Chère professeure, chère doyenne, comment allez-vous?
Marie Santiago Delefosse: Je vais plutôt bien étant donné les circonstances. Grâce aux enseignants et enseignantes, aux administratifs, aux étudiants et aux étudiantes, la Faculté fonctionne, les enseignements ont lieu, et chacun fait de son mieux pour que l’impact de la crise soit atténué. En revanche, je connais la charge mentale qu’impliquent ces adaptations, et je ne sous-estime pas le poids qu’elles font peser sur nous toutes et tous. Donc, je me sens plutôt bien, mais je reste attentive au bien-être de celles et ceux qui travaillent à flux tendu pour permettre que tout fonctionne.
Quelles ont été et sont les urgences pour votre faculté ?
L’urgence première a consisté à mettre en ligne les cours. Il a fallu informer et soutenir les enseignant·e·s dans leur adaptation à de nouvelles méthodes pédagogiques. Tout le monde s’y est mis et notre réactivité, ainsi que la créativité de toutes et tous m’ont surprises en bien. Notre prochain défi, depuis déjà plusieurs semaines, reste la bonne tenue des examens pour que cette année ne soit pas considérée comme perdue, mais bien une année d’apprentissages théoriques, et aussi pratiques. L’enseignement reste donc la mission première de notre Faculté, et le temps exigé par ces ajustements a conduit à diminuer certaines activités de recherche. Cependant, cette mise entre parenthèses, bien que nécessaire, reste temporaire. Nécessaire, car avec de telles adaptations dans un temps aussi court, on ne peut tout faire et il faut savoir préserver sa santé physique et mentale. Temporaire, car toute la Faculté est interpellée par les enjeux sociaux, politiques et psychologiques de la pandémie et les bouleversements qu’elle implique, à l’échelle de l’UNIL, certes, mais aussi en Suisse et dans le monde entier. En effet, pour faire face et tirer les enseignements de telles crises, il y aura besoin de compétences analytiques des sciences sociales et politiques et cela aura des conséquences sur les recherches et interventions futures de l’ensemble des chercheurs de la Faculté.

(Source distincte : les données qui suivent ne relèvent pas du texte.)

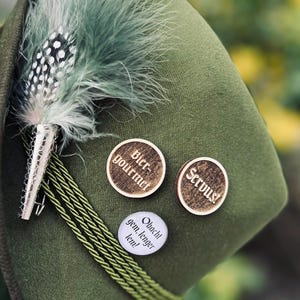 Trachten Anstecker aus Holz, Pins, Broschen, Wiesn Anstecker für Dirndl, Hüte, Caps, Westen, Oktoberfest Accessoire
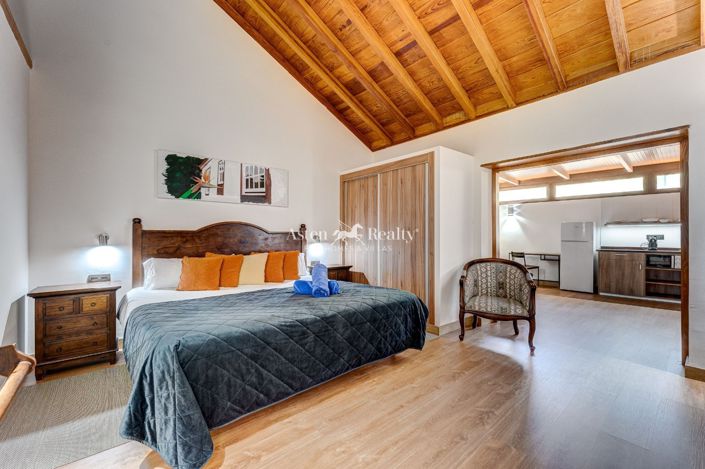 Image No.36-20 Bed Property for sale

Pressentez-vous déjà la fin du confinement, dans quelles conditions ou du moins quel état d’esprit aimeriez-vous que nous l’abordions ?
D’expérience, je connais les erreurs des « prévisionnistes » en tout genre, je m’abstiens donc de tout exercice de « futurologie ». En tant que psychologue de la santé, il me semblerait difficile et potentiellement dangereux d’ignorer ce qui vient de se passer. Refouler la réalité est un mécanisme psychologique qui ne permet jamais d’avancer et de dépasser les difficultés vécues. Il ne faudra pas sous-estimer les effets de sidération et les traumatismes causés par le confinement, l’anxiété et l’incertitude du lendemain. Il faudrait penser à celles et ceux qui ont le plus souffert et analyser les mécanismes sociaux et politiques qui ont conduit à cette crise et à sa gestion publique et individuelle. C’est aussi le travail des chercheurs et chercheuses de nos disciplines en SSP. S’il faut parler d’un état d’esprit général pour l’après-crise et que j’aimerais promouvoir, ce serait de se souvenir de l’importance de la solidarité, du bien fondamental qu’est le souci de l’autre et de l’engagement pour maintenir le lien social.